**Dataset records**
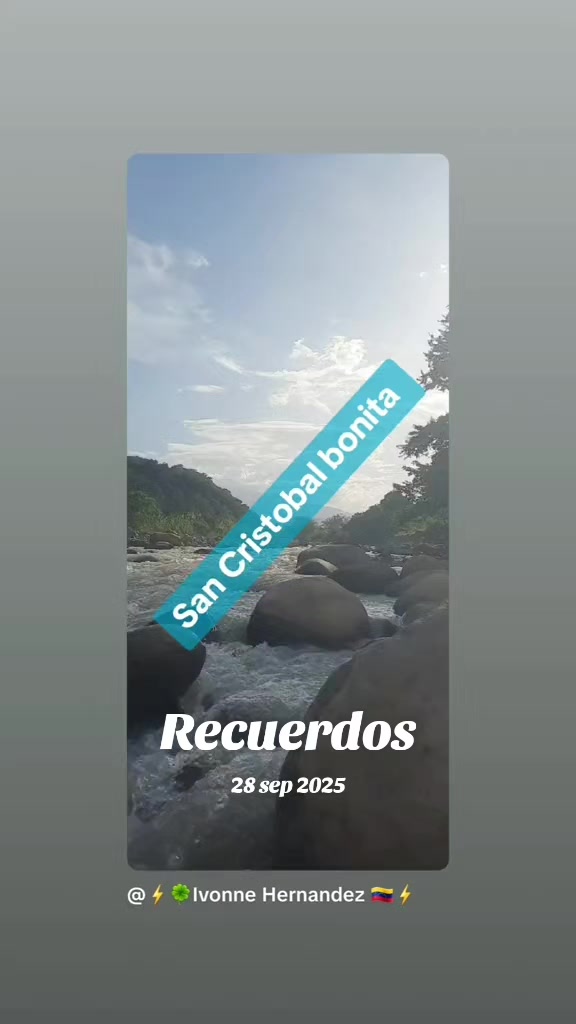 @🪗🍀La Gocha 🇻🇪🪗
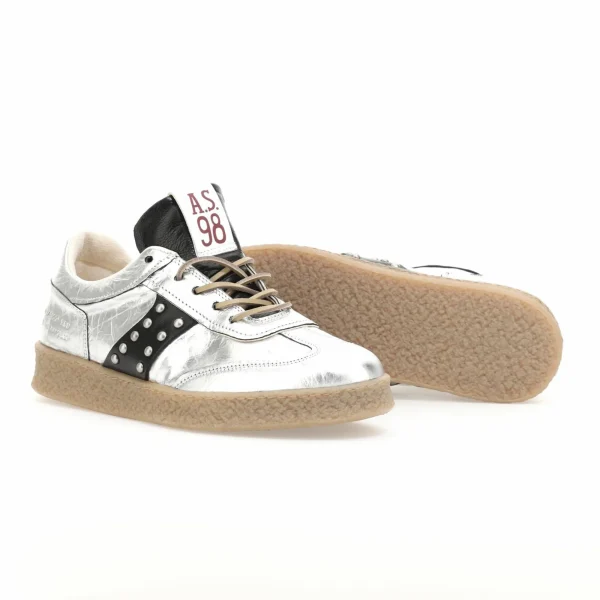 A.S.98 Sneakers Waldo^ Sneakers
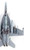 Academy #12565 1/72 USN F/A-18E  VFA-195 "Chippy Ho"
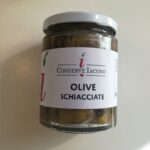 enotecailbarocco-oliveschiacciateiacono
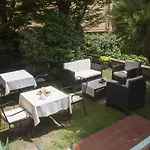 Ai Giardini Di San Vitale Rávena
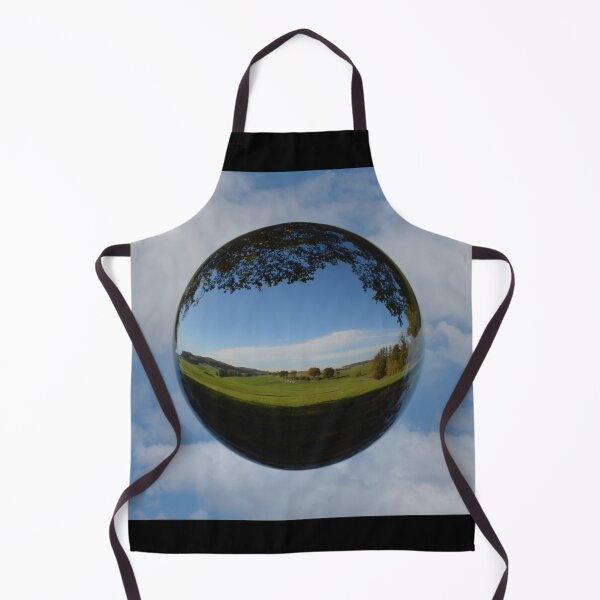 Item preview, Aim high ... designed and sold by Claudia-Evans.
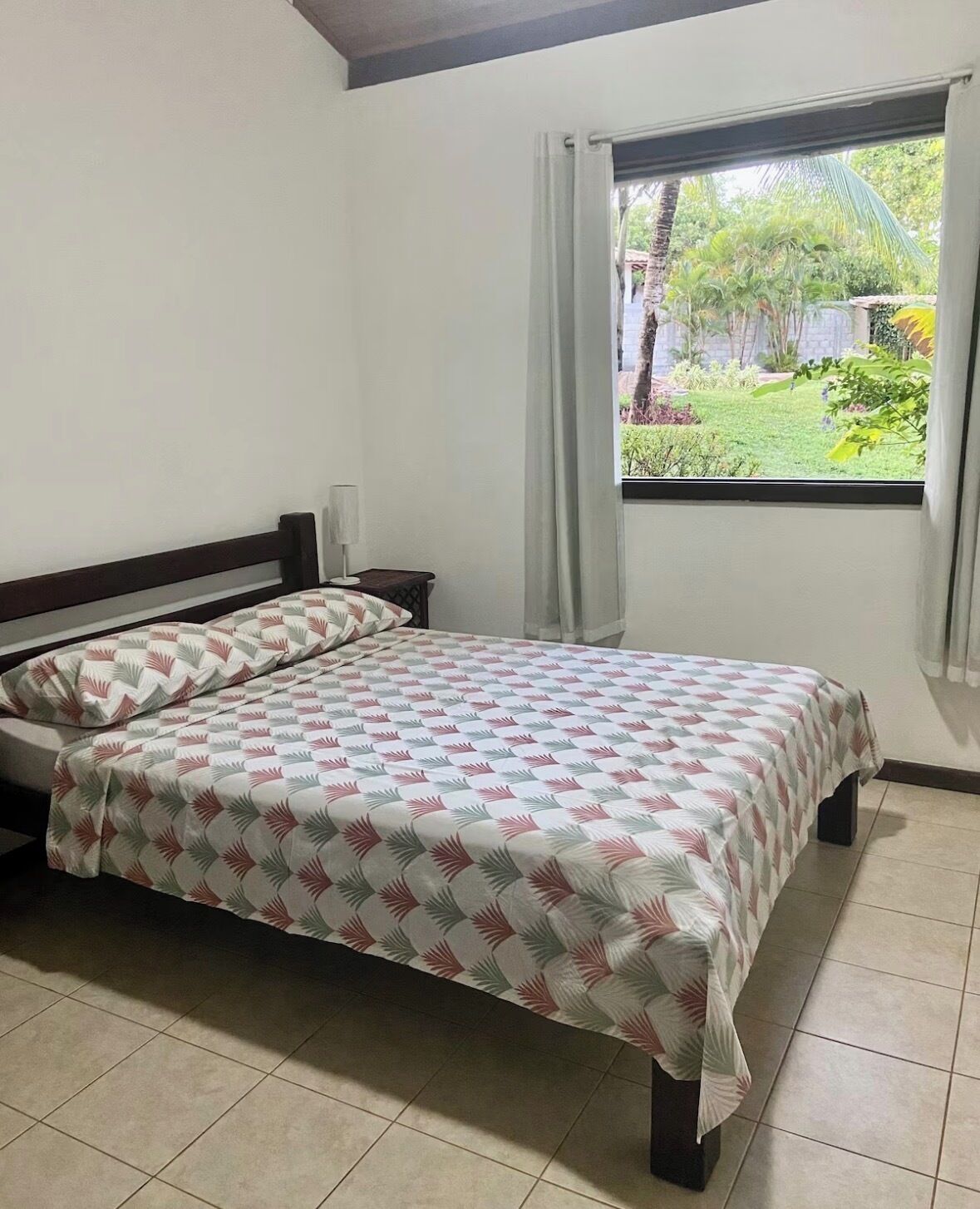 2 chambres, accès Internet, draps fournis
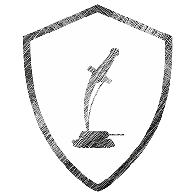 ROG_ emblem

**Task goal**
Verbatim copy without images: write the records above out in full.

**Answer for this exercise**
 @🪗🍀La Gocha 🇻🇪🪗
 A.S.98 Sneakers Waldo^ Sneakers
 Academy #12565 1/72 USN F/A-18E  VFA-195 "Chippy Ho"
 enotecailbarocco-oliveschiacciateiacono
 Ai Giardini Di San Vitale Rávena
 Item preview, Aim high ... designed and sold by Claudia-Evans.
 2 chambres, accès Internet, draps fournis
 ROG_ emblem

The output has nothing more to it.